About Me

My photo
MICHAEL SCHREIER Michael Schreier is a professional artist and photographer who has dedicated his considerable professional career to the celebration of both the public and private hero. Recent work includes Storyteller, Waiting for Words at the Ottawa Art Gallery, curator Emily Falvey, 2009, and the curating of the exhibition Dave Heath, A Heritage of Meaning, 2013 at the Ottawa Art Gallery. Selected works are represented in both public and private collections, including the National Gallery of Canada, the Canadian Museum of Contemporary Photography, the National Archives Photography Collection, the Agnes-Etherington Art Centre, the Canadian Portrait Gallery, Visual Studies Workshop, (Rochester, New York), Light Works Workshop, Syracuse New York, Carleton University Art Gallery, and the University of Ottawa Library Special Collections.

Thursday 2 July 2020

Post # 23

(Click on image for detailed viewing)


The Poetics of Voice

"with appreciation to Lawrence Lipking," 

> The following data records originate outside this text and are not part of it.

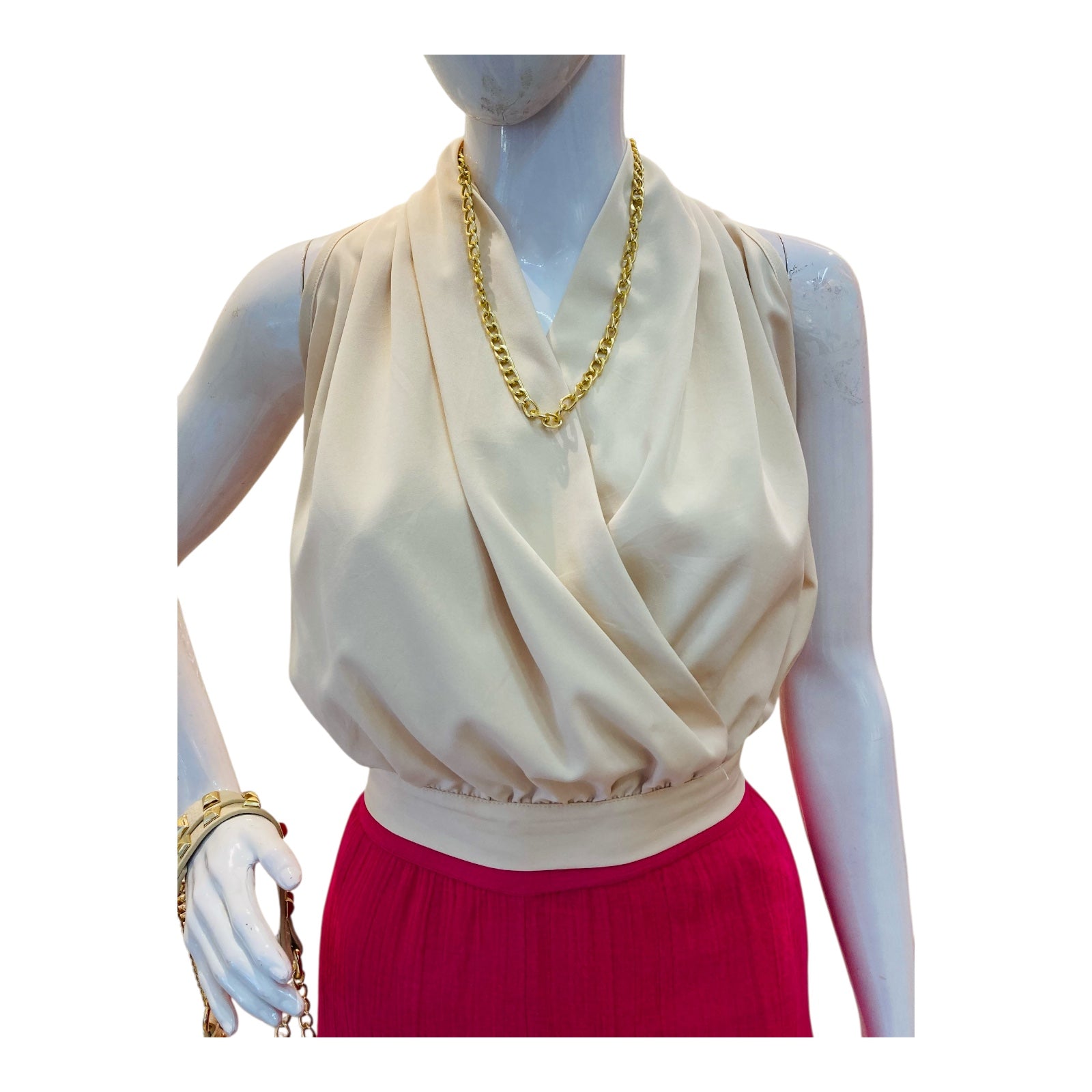 Blusa de Dama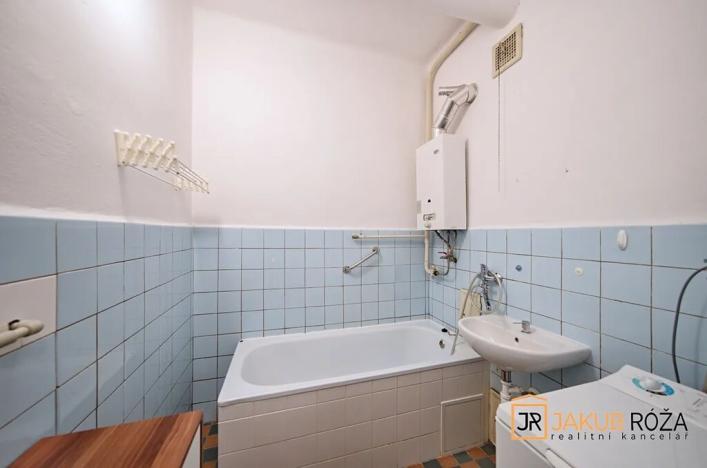 Prodej bytu 2+kk, Vrchlabí, Letná, 49 m2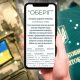 Хто може відстежити особисті дані українців в реєстрі "Оберіг"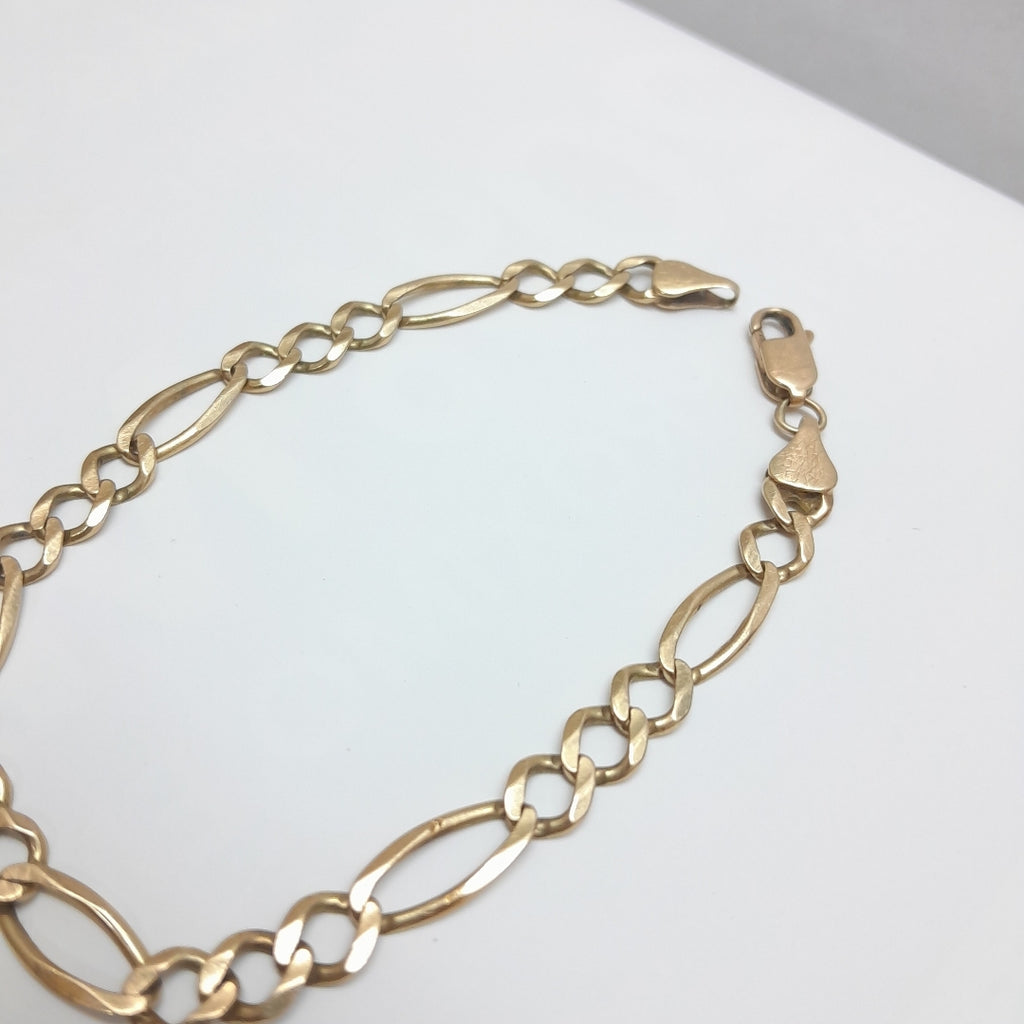 PULSERA ORO 10 K 8.7 GRMS (SEMINUEVO)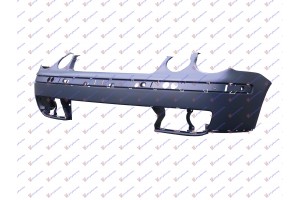 Προφυλακτηρας Εμπρος ΒΑΦΟΜ. Vw Polo 02-05 - 017803370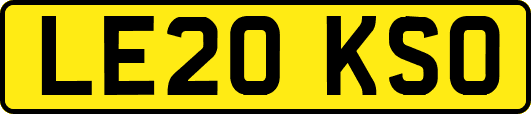 LE20KSO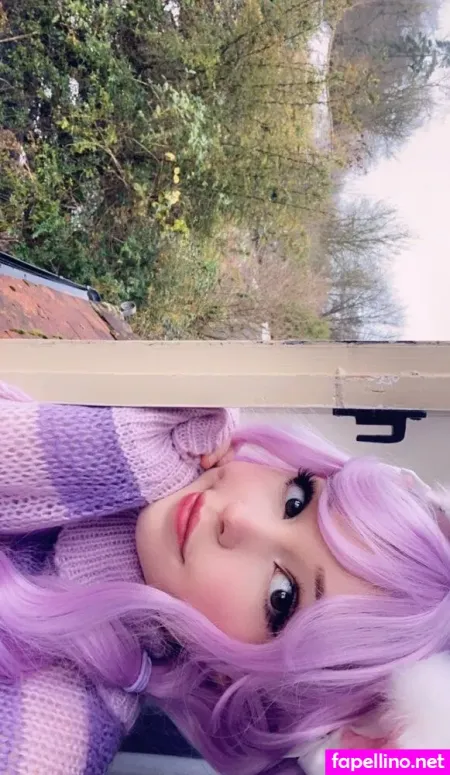 Belledelphine OnlyFans Thumbnail #656FP7ukbl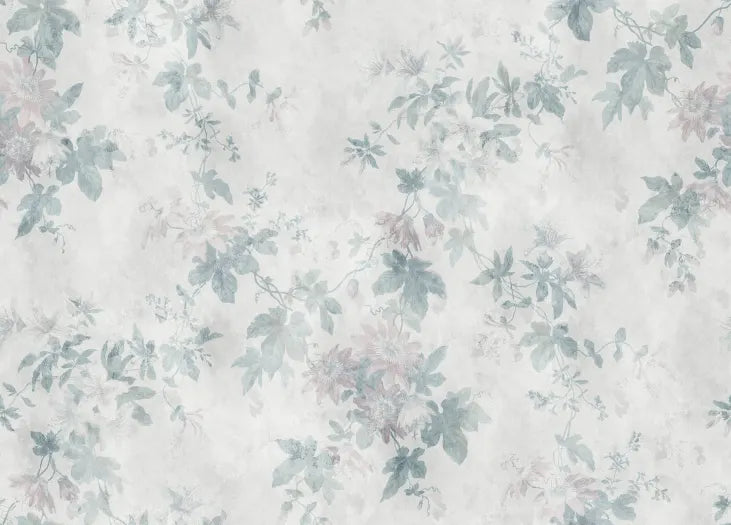 Faded Passion - Pastel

                                                                             
                                                                   The life of the Poet:
                                                    Beginning and ending Poetic Careers


" If the lives of the Poet/Artist tend to be peripheral to 
the insides of work, 
the life of the artist is often the life of the work: 
then to become the life of the beholder.?"





The artist [beholder] embracing the work might recognize its autonomy?

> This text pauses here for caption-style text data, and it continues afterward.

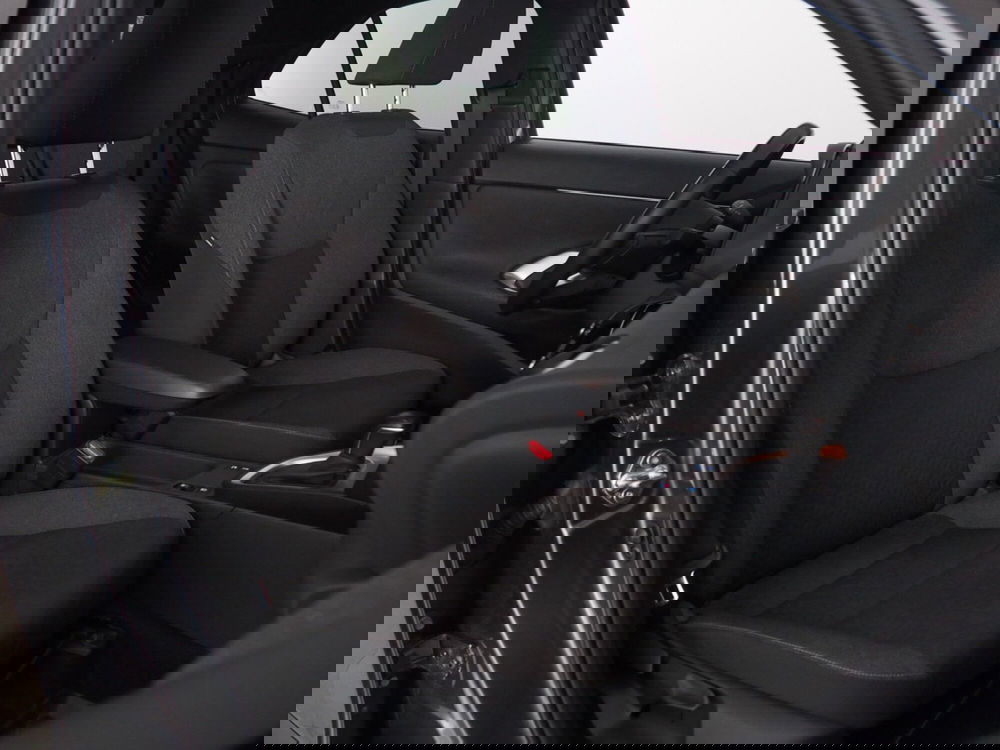 Toyota Yaris Cross usata a Palermo (7)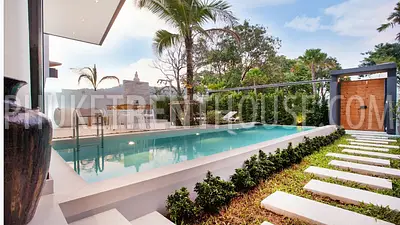 RAW21382: Luxury Pool Villa For Rent. Фото #6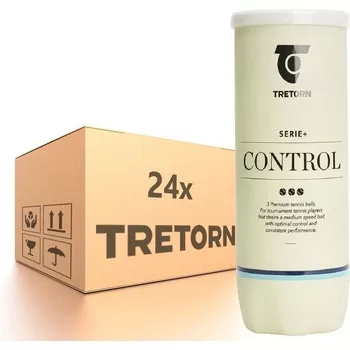 Tretorn Serie+ Control 72 ks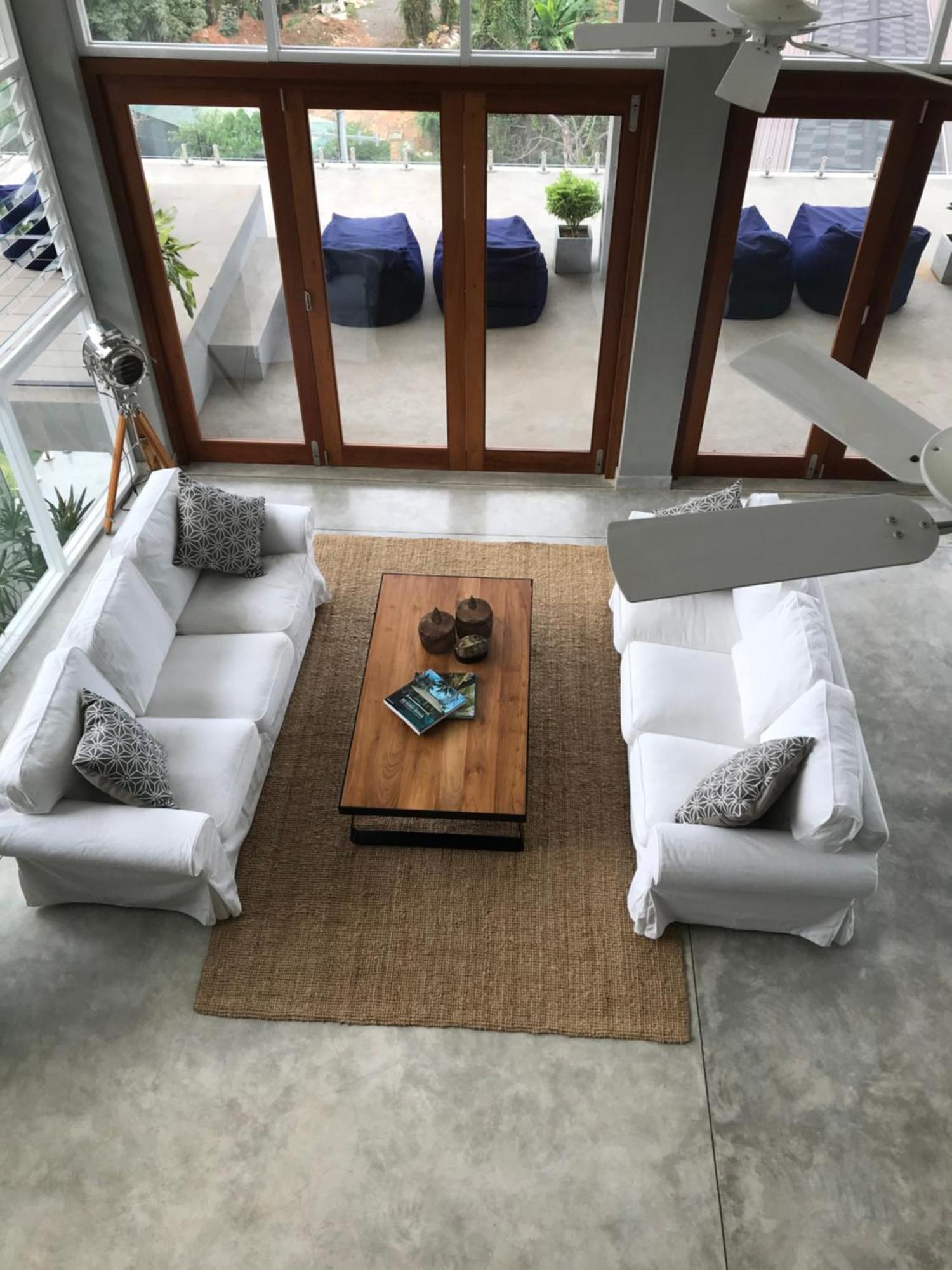 The Nine, Mirissa Villa Luaran gambar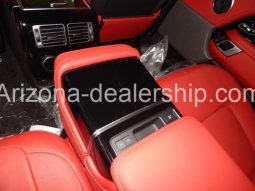 Used 2020 Land Rover Range Rover Autobiography LWB Mansory Package full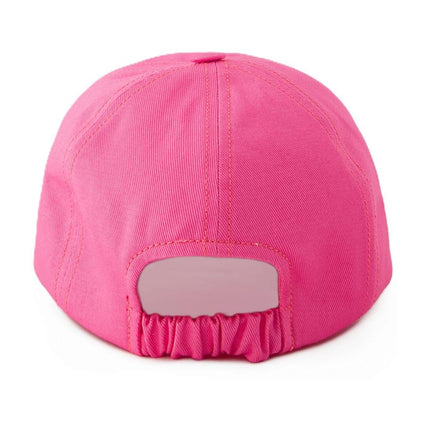 Unisex Cap Jp - PATOU - Baumwolle - Rosa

Lawrence Lipking underscores the value that an artist's life might encourage vision and a poet's voice: suggesting this might also offer a rationalization, a clarity not to be mistaken for truth. A photograph's truth rests in its metadata, its formal and material rendering. With this one becomes reliant on objectivity, and as is currently suggested the presence of "fake" and the challenged rendering: bringing into question one's facility/sensitivity for both evidence and metaphor. 

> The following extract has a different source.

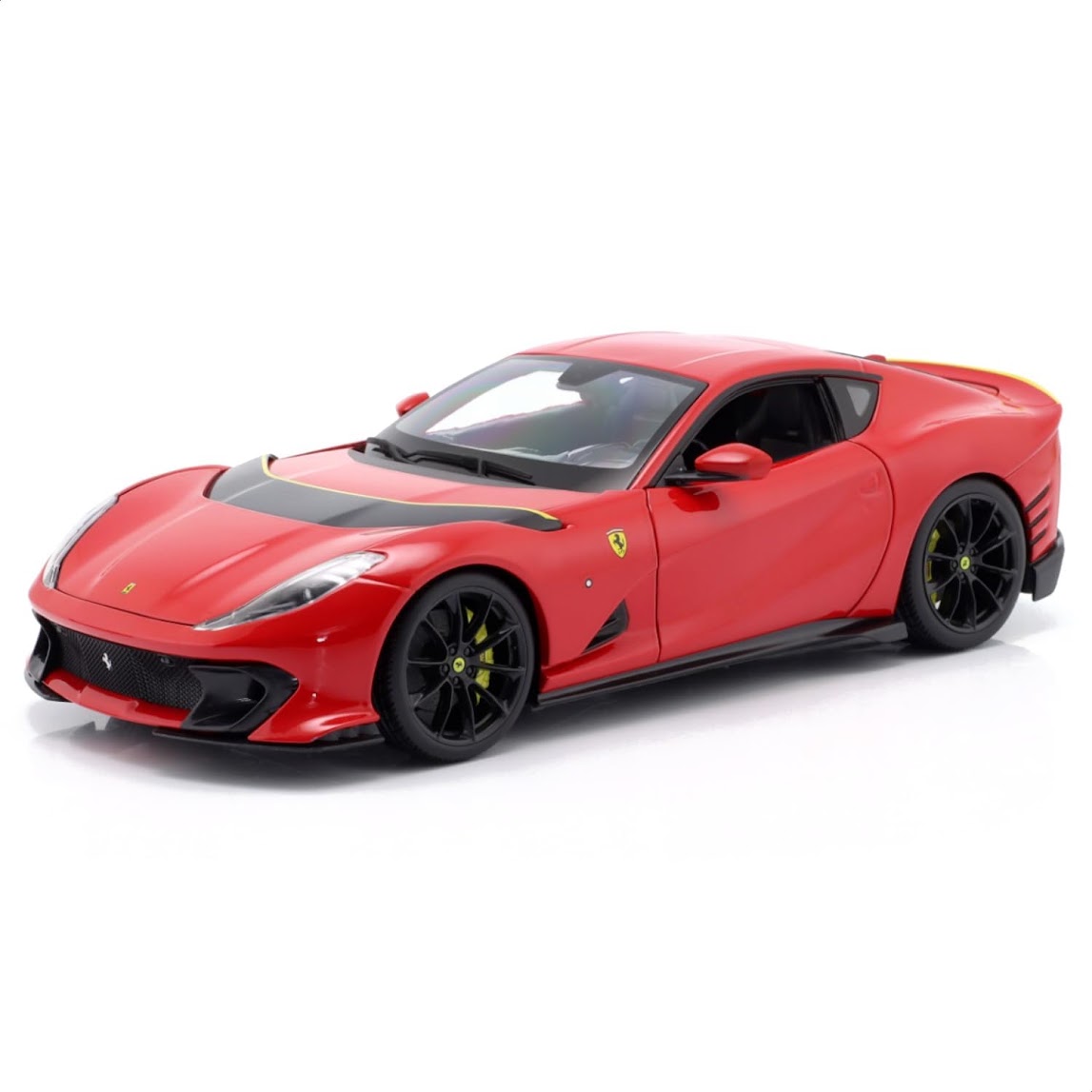 1:18 Ferrari R & P - Ferrari 812 Competizione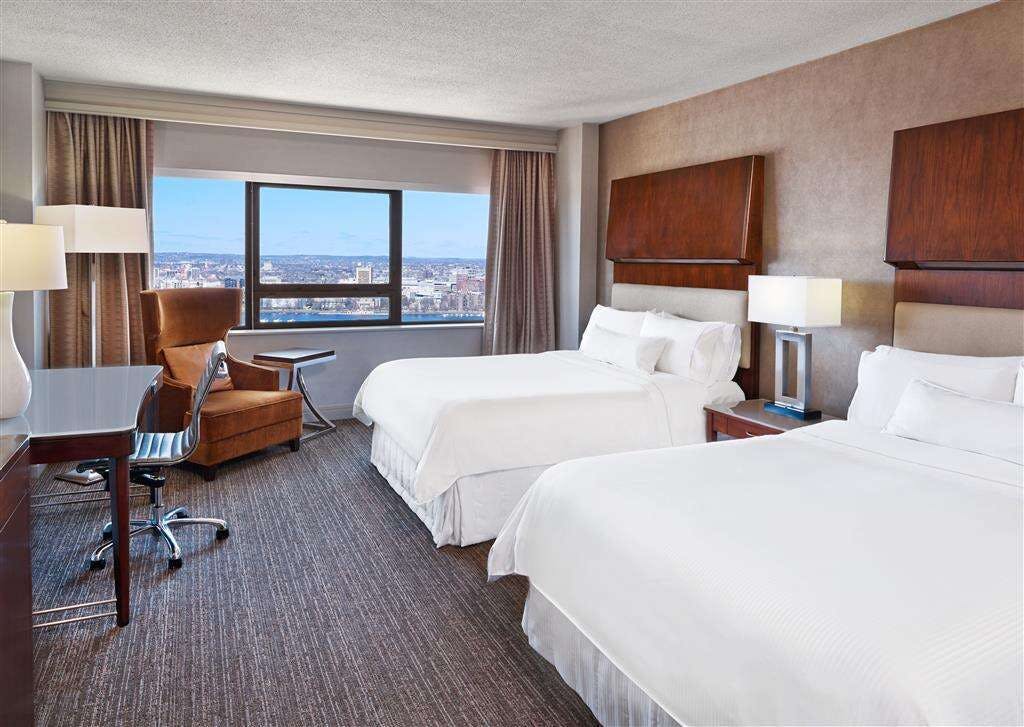 Hotel Westin Copley Place photo 1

                                                                               The "insides of a work"?

Photography's analogue negative on film or paper emulsion begins as a latent image: an image registered in the emulsion to be developed, its characteristic to be determined by silver content and directly related, sensitivity to light. Note: the actual visual quality of the image is determined by exposure control taking into account the amount of light available and the desired rendering, whether of maximum depth of field or limited through aperture/shutter speed adjustment. The development of the image determines appearance, grain structure and the subsequent aesthetic content of the image.The critical difference between this and the digital image is that the film becomes the sensor and the latent image results in a translation of 1's and 0's.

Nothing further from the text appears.